Let me give you an abstract of what is it about.
Inspired by the cognitive development studies on intuitive psychology, a large dataset which generates 3D animations named AGENT (Action, Goal, Efficiency, coNstraint, uTility) is structured around four scenarios 1. Goal Preferences 2. Action Efficiency 3. Unobserved Constraints 4. cost-reward trade off. The result of this suggests that to pass a designed test of core intuitive psychology at human levels, a model must aquire or have built- in representations of how agent is making decisions or planning by combining the utility computation and core knowledge of objects and physics.
Commonsense Reasoning - The ability to acceptable and logical assumption or decision in daily life of a human.
Now, talking about the AGENT dataset itself. The above figure is giving you the idea of what trials in AGENT dataset consists of. It has four scenarios, every scenario has two phases: 1. Familiarization phase:- This phase is where the new agent is shown multiple videos of some typical behaviours of a particular agent i.e. familiarizing the agent to the situations. 2. Test phase:- This is the phase where the new agent has to perform task shown in the familiarizing videos but in new physical situation (A, B and D in figure) or putting some constraints that it has never seen (C in figure).

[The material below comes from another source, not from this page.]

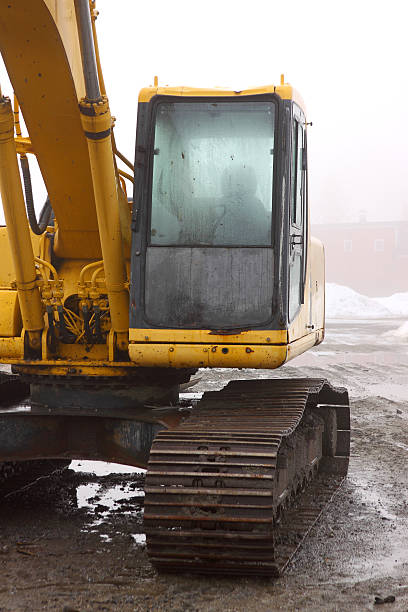istock Backhoe cabin on wet and foggy day 493177425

The test video is divided in two expected and surprising. In expected test video, the agent behaves consistently with its action from familiarization videos (i.e. pursues the same goal, acts efficiently to its contraints and maximize the rewards) whereas in surprising test video, the agent does the opposite of the expected video the agent behaves inconsistently with its action from familiarization videos and pursues the goal inefficiently and it costs the agent. There are also more scenarios which has new setups of the physical scenes and enables harder test generalization for the new agent (infant).
The dataset contains 8400 videos in AGENT. The videos are 5.6 sec to 25.5 sec long with 35 fps. There are 3600 videos which divided in 1960 training videos, 480 validation videos and 960 in testing that is 480 for both expected and surprising test videos. All training and test contains only expected videos.
There are two baseline methods used that are 1. Bayesian Inverse Planning and Core Knowledge and 2. Theory of Mind Neural Network.
The methods that are used by the researcher is ToMnet-G and BIPaCK model. These both are used and compared, we found that BIPaCK model had the highest performance on AGENT to human performance. There were also different tests done on these two models in which the again BIPaCK was ahead especially in strong generalization.